If the total number of possible items is known in advance and not too large, you can turn each order into a vector where each element corresponds to a possible item that may be in the order, and its numerical value is the quantity of that item in the order. If, say, you have 1000 different articles, each order would become a vector of 1000 elements. Most values would be 0, meaning that such item is not in the order, while some would be set to the quantity of the corresponding item in the order.

As a simplified example, say that there are only 3 possible items: apple, oranges, and lemons. You then would need a 3-dimensional vector to represent orders, one dimension per possible article. An order that contains 3 apples and nothing else would be represented for example by the vector [3, 0, 0], one that contains 1 orange and 5 lemons would be represented by the vector [0, 1, 5], while one that contains 2 apples and 1 lemon would be represented as the vector [2, 0, 1].

I had quite good results in a similar case, where I was training a model on orders with a total of 20k possible different articles. In my case, to reduce the dimensionality of the input and to capture latent factors, I trained an autoencoder on such 20k-dimensional sparse vector, and used the encoder part to produce smaller but dense vectors to feed to my model. If such path would be promising for your case I can provide more details. Note that you still would need a suitable amount of data for the autoencoder to train meaningful representations.

tegmentum · April 17, 2024, 8:17pm

Hey Luca, thanks for getting back to me, this is really insightful.

The true article count is around 1.5k, but we previously labeled them down to around 65 different types, irrespective of contents. So that’s what i’m currently working with. ex:

A1 → 200g can
A3 → 1kg bag

So if I understand correctly, a 65 element vector would not need to be encoded, and for each order, I would build a 65 element Tensor, where each article label is mapped to a index, and the value at that index is its count. (I’m reading your edits as I type this :P)

That makes total sense to me, my next step would be learning how to feed a (2D ?) tensor as an input parameter into my models. I’m using the EXGBoost Library, and Scholar’s KNN.

Thanks a lot!

lucaong · April 17, 2024, 8:25pm

Exactly a 65-dimensional vector seems small enough that it should not need further encoding. It’s basically adding 65 numerical attributes to your dataset, which sounds ok.

I would not even create 2D tensors, but really just append the 65 numerical attributes created from the items in the order to the ones you already had, obtaining a vector of 65 + N elements, where N is the number of numerical attributes you already had.

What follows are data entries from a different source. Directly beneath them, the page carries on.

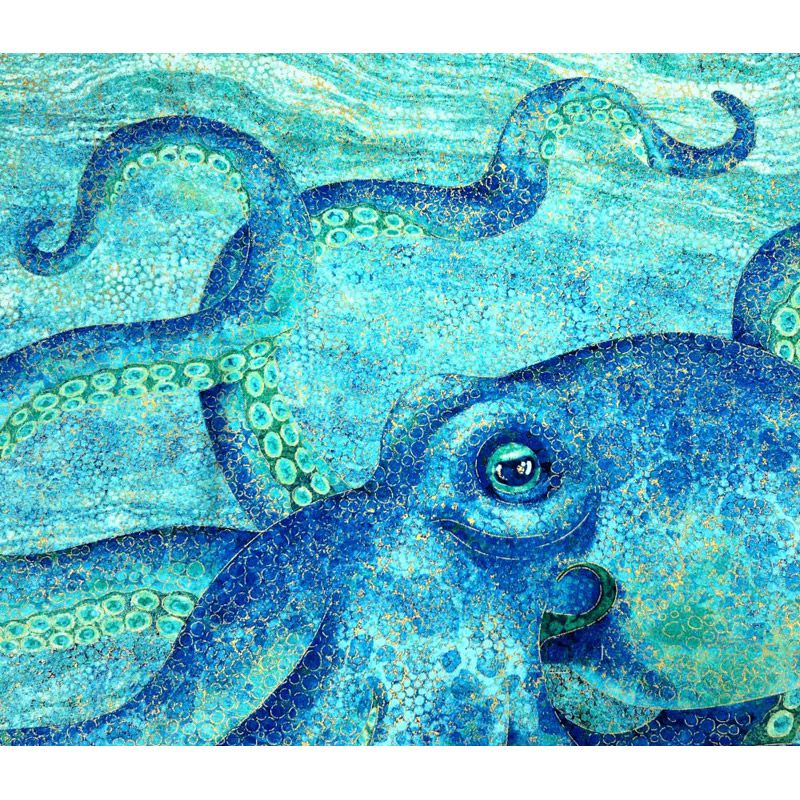 Enigma fabric, Enigma 60cm Panel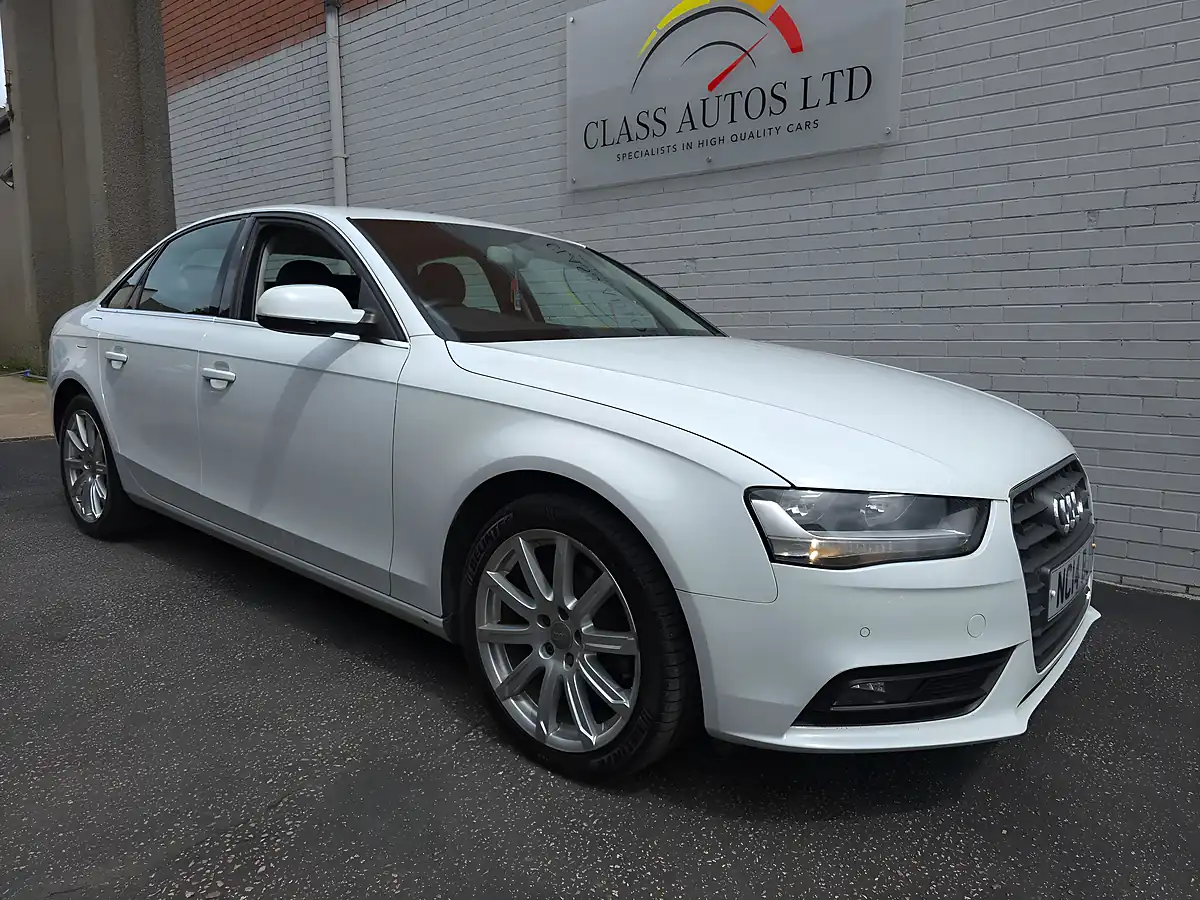 Used 2014 Audi A4 Se Technik White - Interior and Exterior details 5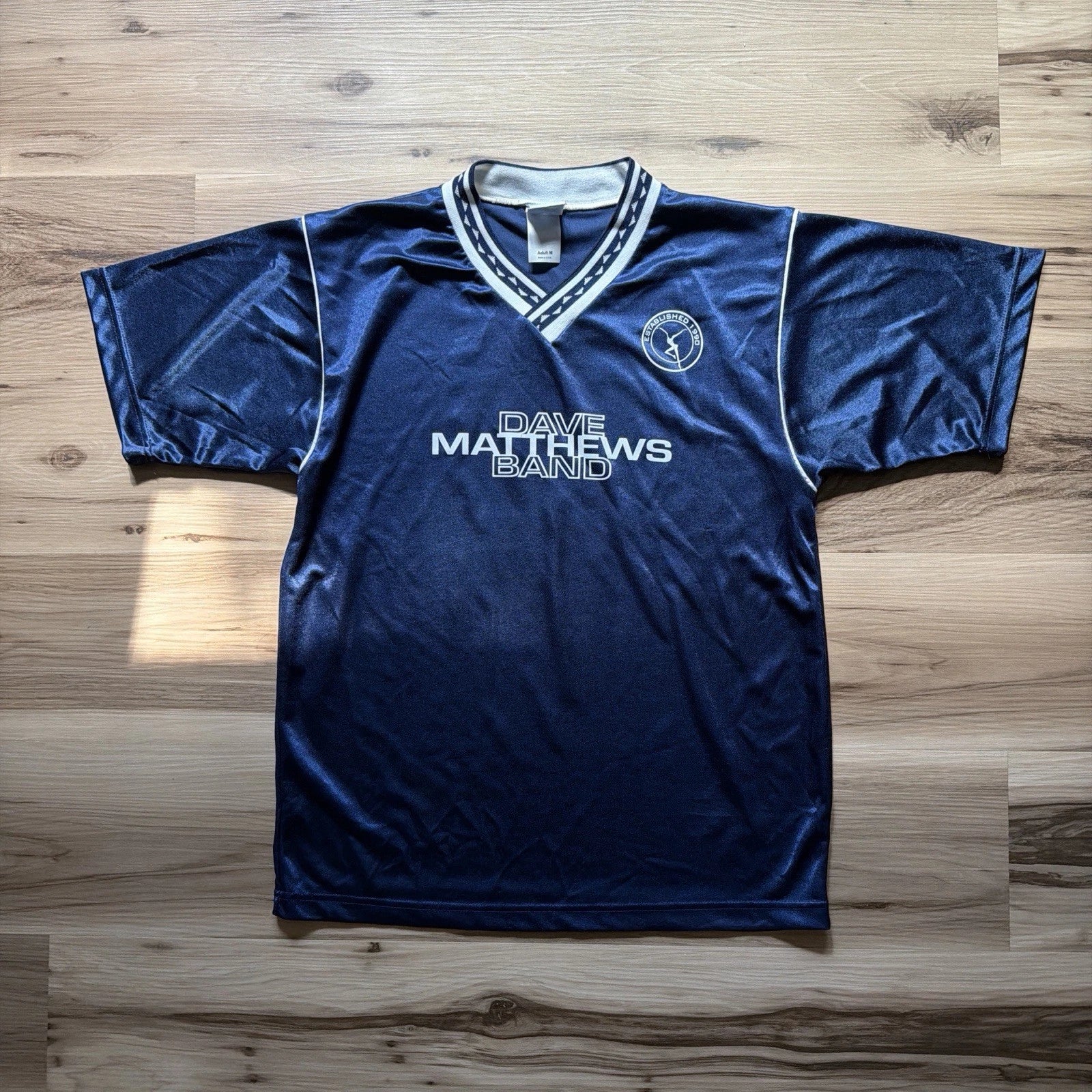 Vintage Dave Mathew’s Band Conner Beauford Soccer Jersey Men’s Size Medium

Following from the simple example above with apples, oranges, and lemons, let’s say you also have the total volume and item counts as the first two numerical attributes. An order with an item count of 2, and a total volume of 200, containing 3 apples and 5 lemons would then be represented by the vector [2, 200, 3, 0, 5] (or, represented as a map of attributes, %{ item_count: 2, total_volume: 200, apples: 3, oranges: 0, lemons: 5 }).

I am not an expert about XGBoost, but I think it’s an ensemble of decision trees like random forests, and therefore should be able to ingest such dataset just fine. Each of those 65 additional attributes (representing the quantity of each specific “normalized item” in the order) would be treated just like the other numerical attributes like total volume or item count.

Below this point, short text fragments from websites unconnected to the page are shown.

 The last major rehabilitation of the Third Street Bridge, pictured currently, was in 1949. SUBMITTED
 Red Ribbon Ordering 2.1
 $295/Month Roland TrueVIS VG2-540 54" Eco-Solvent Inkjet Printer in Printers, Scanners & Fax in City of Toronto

Same goes for KNN, although I assume that in this case you might benefit from normalizing the attributes before feeding them into the model.

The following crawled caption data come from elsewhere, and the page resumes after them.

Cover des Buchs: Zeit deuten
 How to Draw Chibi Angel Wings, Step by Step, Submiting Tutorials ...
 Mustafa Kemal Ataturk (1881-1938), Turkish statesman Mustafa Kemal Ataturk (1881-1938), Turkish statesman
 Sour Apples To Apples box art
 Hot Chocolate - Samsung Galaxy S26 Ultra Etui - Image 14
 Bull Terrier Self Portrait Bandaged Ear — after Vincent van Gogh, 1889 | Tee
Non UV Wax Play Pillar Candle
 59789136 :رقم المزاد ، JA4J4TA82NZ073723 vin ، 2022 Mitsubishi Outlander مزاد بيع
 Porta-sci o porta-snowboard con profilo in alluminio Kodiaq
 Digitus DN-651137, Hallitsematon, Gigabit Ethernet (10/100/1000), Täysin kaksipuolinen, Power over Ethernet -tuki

tegmentum · April 17, 2024, 8:36pm

Got it!

Correct, XGBoost is a decision tree based algorithm like random forest. I normalize my numerical attributes for both models, but will keep the count for the attributes as is.

Would you mind sharing which algorithm you used for your problem ? maybe i’ll look into that after this.

And again thanks a lot!

lucaong · April 17, 2024, 8:44pm

In my case I was not training a classifier, but rather a sort of recommender system that would provide recommendations given a partial shopping basket (in a specific b2b domain where baskets are typically containing many hundreds of items). The best performing model was a neural network built as a mix of a variational autoencoder, plus some additional embeddings to represent the specific tendencies of different geographical areas. The real trick was the specific way we trained the autoencoder, but I don’t think I can share such detail here, and it would not be relevant for your case anyway

For classification, not knowing much about the specifics of your case, an ensemble of decision trees sounds like a great option to me: it’s simple enough to work without massive data, and involves very few hyperparameters. Neural networks like the one I used in my case often require a lot of experimentation before one finds suitable hyperparameters, therefore I would definitely not recommend them as the first choice.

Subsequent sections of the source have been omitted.